The future debugging workflow is likely to be hybrid:

  • humans use the dashboard for inspection, trust-building and quick triage;
  • agents use MCP tools, incident bundles and structured traces for investigation;
  • coding agents consume the same context to propose patches, tests and pull requests;
  • OpenTelemetry compatibility keeps Orbit interoperable with the wider observability ecosystem.

Orbit's differentiator should be Django-native context: request lifecycle, ORM behavior, middleware, templates, cache, storage, mail, auth/gates, jobs, signals and settings-aware safety boundaries.

Track A: High-Level MCP Tools

Current MCP tools expose useful raw slices. The next generation should expose investigation primitives that answer developer and agent questions directly.

Request and Endpoint Investigation

Tool Purpose
investigate_request(family_hash) Return a complete diagnosis for one request: request summary, child events, slow spans, duplicate queries, exceptions, logs and likely causes.
investigate_endpoint(path, method=None, hours=24) Summarize health for an endpoint across recent traffic: latency, error rate, slow queries, top exception groups and regressions.
compare_endpoint_windows(path, baseline_hours=24, current_hours=1) Compare current endpoint behavior against a prior window to detect regressions.
find_slowest_endpoints(hours=24, limit=10) Rank endpoints by p95 or average duration with query and exception context.
find_erroring_endpoints(hours=24, limit=10) Rank endpoints by error rate and show representative requests.
summarize_request_family(family_hash) Compact, agent-friendly summary of one family without full payload noise.
get_request_timeline(family_hash) Return ordered spans/events suitable for RCA and timeline rendering.
find_related_requests(family_hash, limit=10) Find similar requests by path, exception fingerprint, tags or duplicate-query signature.
explain_status_code_spike(status_code, hours=24) Identify paths and fingerprints driving a spike in 4xx/5xx responses.

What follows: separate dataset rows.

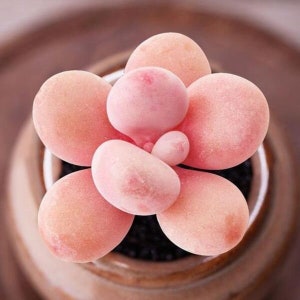 Graptopetalum amethystinum, Rare succulent,  10 seeds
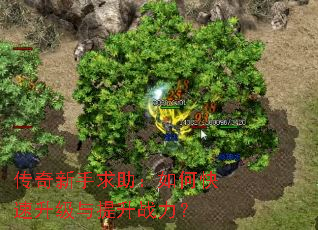 传奇新手求助:如何快速升级与提升战力? 传奇新手求助:如何快速升级与提升战力?
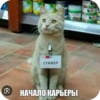 SFQFKkf_by_achestickbot 7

Exception and Error Intelligence

Tool Purpose
investigate_exception_group(fingerprint) Return representative traceback, frequency, affected paths, first/last seen and likely owner surface.
summarize_exception_groups(hours=24) Group exceptions by fingerprint and rank by recency, frequency and blast radius.
find_new_exception_groups(hours=24, baseline_hours=168) Detect exceptions not seen in the baseline period.
find_regressed_exception_groups(hours=24, baseline_hours=168) Detect exception groups whose frequency increased materially.
get_exception_repro_context(entry_id) Return request method/path, payload shape, user/auth hints, related logs and DB/cache events needed to reproduce.
trace_exception_to_request(entry_id) Walk from exception to parent request and adjacent logs/queries/jobs.
classify_exception(entry_id) Classify likely category: validation, auth, database, migration, external service, timeout, template, settings, code bug.
suggest_exception_fix(entry_id) Produce a bounded hypothesis and candidate code areas, not an automatic patch.

Database and ORM Analysis

Tool Purpose
investigate_slow_query(entry_id) Explain one slow query with request context, duplicates, stack caller and optional EXPLAIN summary.
find_n_plus_one_candidates(hours=24) Rank endpoints/requests with duplicate-query evidence.
explain_n_plus_one(family_hash) Identify repeated SQL shapes, likely model relation and suggested select_related / prefetch_related.
find_duplicate_query_signatures(hours=24) Group repeated SQL fingerprints globally.
find_query_regressions(hours=24, baseline_hours=168) Detect query count or duration increases by endpoint.
find_missing_indexes_candidates(hours=24) Use slow query patterns and EXPLAIN output to identify likely missing indexes.
summarize_db_load(hours=24) Return query count, slow count, duplicate count, top tables if inferable and worst endpoints.
get_query_callsite(entry_id) Return captured Python stack/caller context for the query.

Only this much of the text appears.